Build a knowledge base from many documents

USE 0 - 12 min

Turn a stack of sources into one searchable knowledge base

One PDF is a demo; a knowledge base is a tool. Dify's RAG pipeline accepts PDFs, documents, and web pages, embedding them all into a single managed knowledge base your apps can query. The goal of this lesson is to assemble several sources into one base so a chatbot can answer across the whole corpus.

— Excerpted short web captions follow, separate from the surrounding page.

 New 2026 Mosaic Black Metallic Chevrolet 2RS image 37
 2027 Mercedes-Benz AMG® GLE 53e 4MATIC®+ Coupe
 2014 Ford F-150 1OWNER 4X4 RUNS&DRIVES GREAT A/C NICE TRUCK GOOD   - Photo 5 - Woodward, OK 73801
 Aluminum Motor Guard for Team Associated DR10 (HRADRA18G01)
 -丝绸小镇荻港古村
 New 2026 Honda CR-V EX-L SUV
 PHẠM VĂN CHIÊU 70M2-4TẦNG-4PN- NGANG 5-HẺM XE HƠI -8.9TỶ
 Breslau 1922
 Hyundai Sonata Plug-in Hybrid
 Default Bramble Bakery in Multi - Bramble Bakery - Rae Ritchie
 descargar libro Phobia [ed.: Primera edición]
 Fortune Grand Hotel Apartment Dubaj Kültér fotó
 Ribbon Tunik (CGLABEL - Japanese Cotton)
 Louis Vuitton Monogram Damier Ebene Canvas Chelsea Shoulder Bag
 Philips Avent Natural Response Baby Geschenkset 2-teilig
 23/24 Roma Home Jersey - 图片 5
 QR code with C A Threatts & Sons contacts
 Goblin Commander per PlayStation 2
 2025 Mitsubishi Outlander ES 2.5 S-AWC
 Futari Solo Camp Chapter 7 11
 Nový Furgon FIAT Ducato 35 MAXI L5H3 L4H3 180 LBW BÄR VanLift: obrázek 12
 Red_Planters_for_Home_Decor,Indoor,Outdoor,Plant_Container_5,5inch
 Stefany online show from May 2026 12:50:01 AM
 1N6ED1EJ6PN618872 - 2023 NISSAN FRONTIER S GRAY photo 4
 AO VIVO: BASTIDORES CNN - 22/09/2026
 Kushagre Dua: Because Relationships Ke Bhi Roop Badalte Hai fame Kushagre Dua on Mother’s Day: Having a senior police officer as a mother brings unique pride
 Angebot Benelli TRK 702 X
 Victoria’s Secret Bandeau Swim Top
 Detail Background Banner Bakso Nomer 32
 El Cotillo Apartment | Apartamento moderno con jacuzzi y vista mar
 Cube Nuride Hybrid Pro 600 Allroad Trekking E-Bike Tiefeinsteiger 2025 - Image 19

1 In the Studio, open the Knowledge section and create a new knowledge base.
2 Add several sources: upload two or three PDFs from the same topic, and add a web page URL as well — Dify ingests PDFs, docs, and web pages into the same base.
3 Let Dify chunk and embed each source. Watch the document count rise (the Sandbox tier allows up to 50 knowledge documents).
4 Attach this knowledge base to a Chatbot app (reuse the one from lesson 00 or create a new one).
5 Ask a question that spans more than one source, e.g. What do these sources agree and disagree on?

✓

A single knowledge base holds multiple sources, and a chatbot answers a question using more than one of them with citations.

UNDERSTAND 12 - 22 min

Why retrieval quality depends on your sources

When the base holds many documents, retrieval has to pick the right chunks from a larger pool. That makes the quality of your sources — and how cleanly they were ingested — matter more than with a single file.

Key concept

A knowledge base is the retrieval layer your apps share: the same base can power several chatbots, agents, and workflows. Because Dify retrieves the most relevant chunks across every document in the base, adding noisy or off-topic sources can pull the answer off course. Curating the base — what goes in, and keeping it on-topic — is the lever that most affects answer quality, and it is the same lever whether you have one app or ten pointing at it.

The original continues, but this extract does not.